Recorded data:
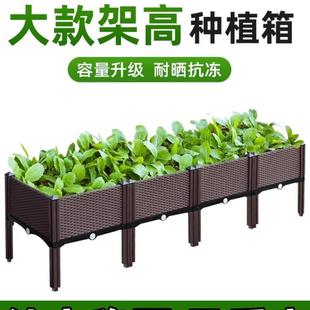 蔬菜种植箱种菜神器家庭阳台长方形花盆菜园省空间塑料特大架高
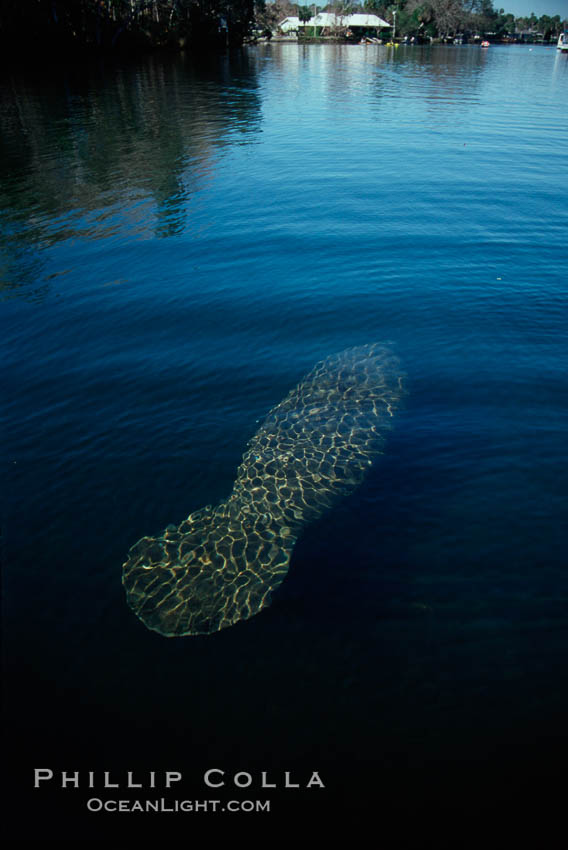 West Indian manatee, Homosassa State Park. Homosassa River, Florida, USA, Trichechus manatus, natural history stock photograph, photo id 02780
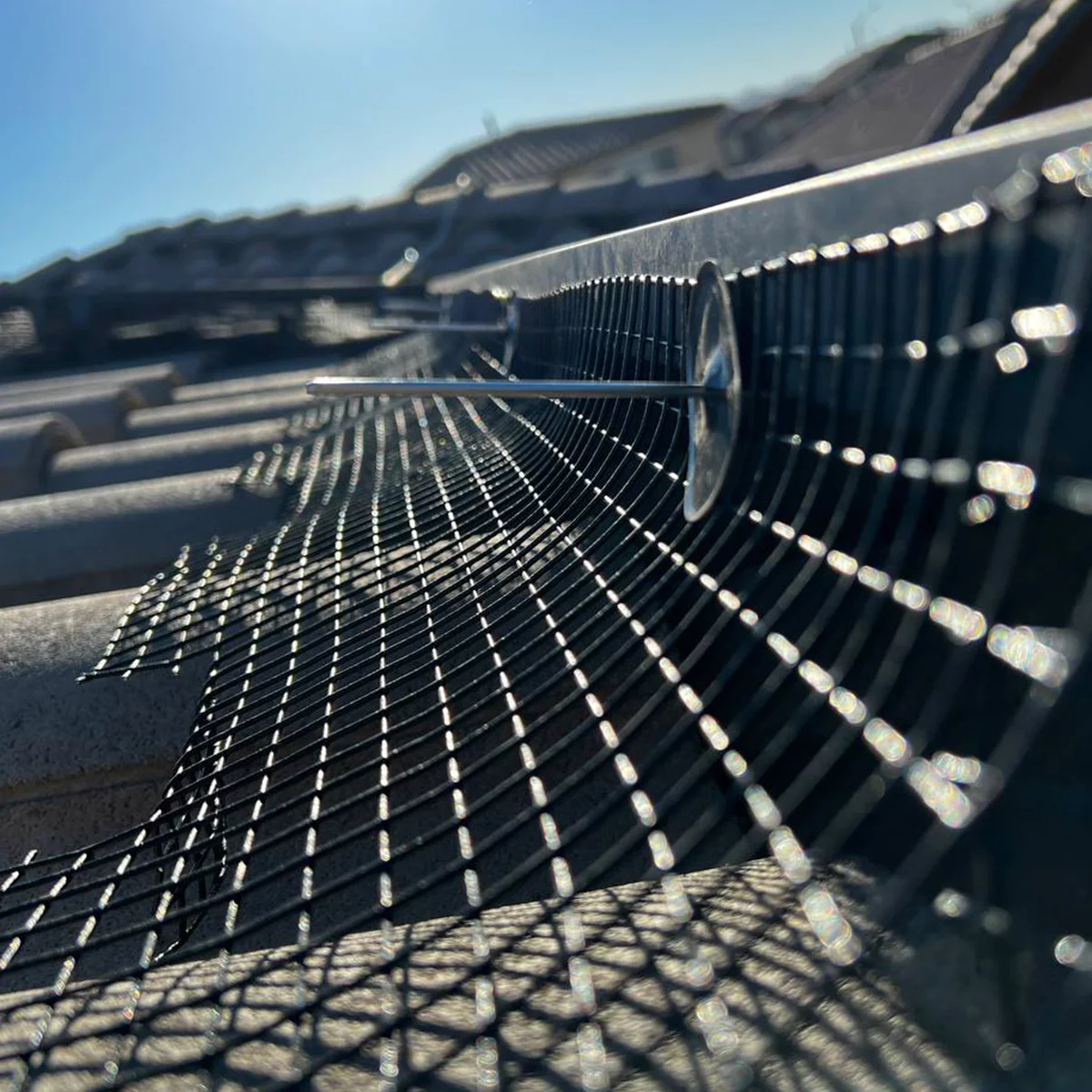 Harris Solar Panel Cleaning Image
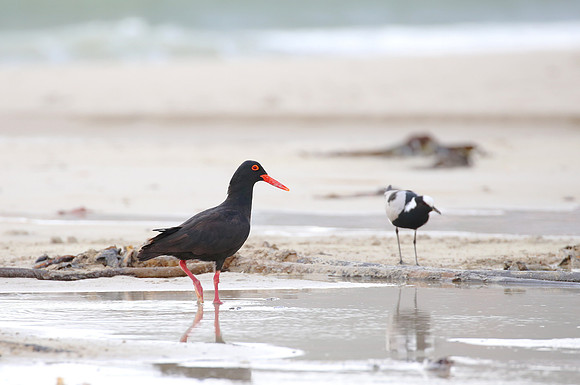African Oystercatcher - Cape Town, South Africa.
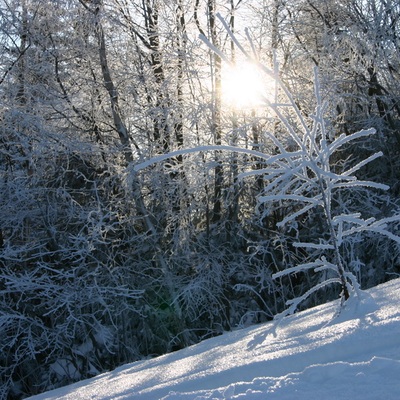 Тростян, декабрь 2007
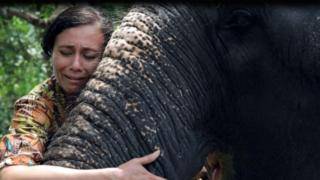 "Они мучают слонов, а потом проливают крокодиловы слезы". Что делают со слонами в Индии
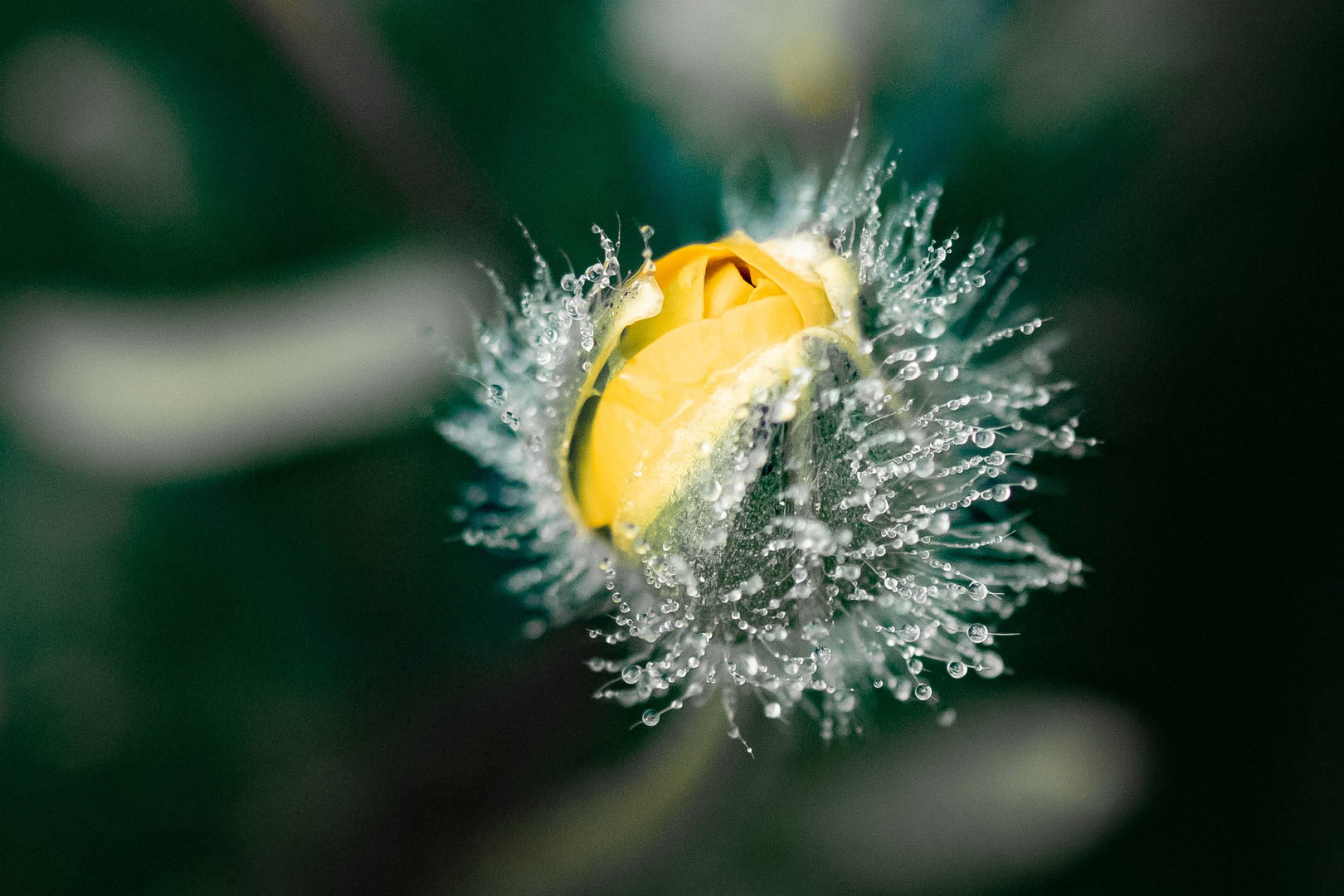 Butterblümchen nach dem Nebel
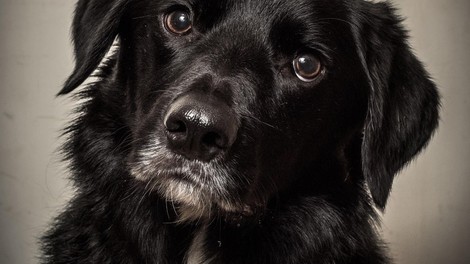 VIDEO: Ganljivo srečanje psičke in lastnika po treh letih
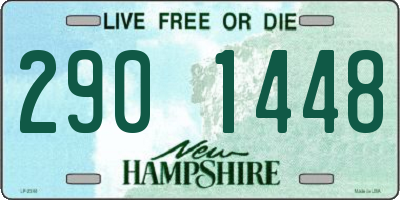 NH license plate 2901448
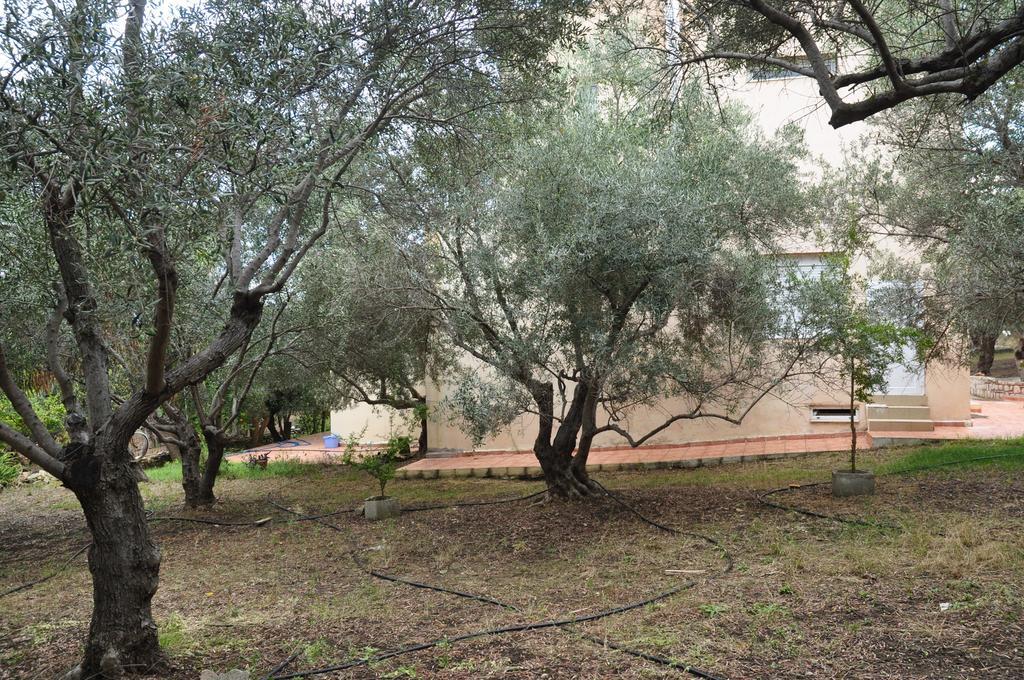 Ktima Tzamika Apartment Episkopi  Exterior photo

Your assignment: Every line above should be output exactly, except for the pictures.

Result of the task:
 蔬菜种植箱种菜神器家庭阳台长方形花盆菜园省空间塑料特大架高
 West Indian manatee, Homosassa State Park. Homosassa River, Florida, USA, Trichechus manatus, natural history stock photograph, photo id 02780
 Harris Solar Panel Cleaning Image
African Oystercatcher - Cape Town, South Africa.
 Тростян, декабрь 2007
 "Они мучают слонов, а потом проливают крокодиловы слезы". Что делают со слонами в Индии
 Butterblümchen nach dem Nebel
 VIDEO: Ganljivo srečanje psičke in lastnika po treh letih
 NH license plate 2901448
 Ktima Tzamika Apartment Episkopi  Exterior photo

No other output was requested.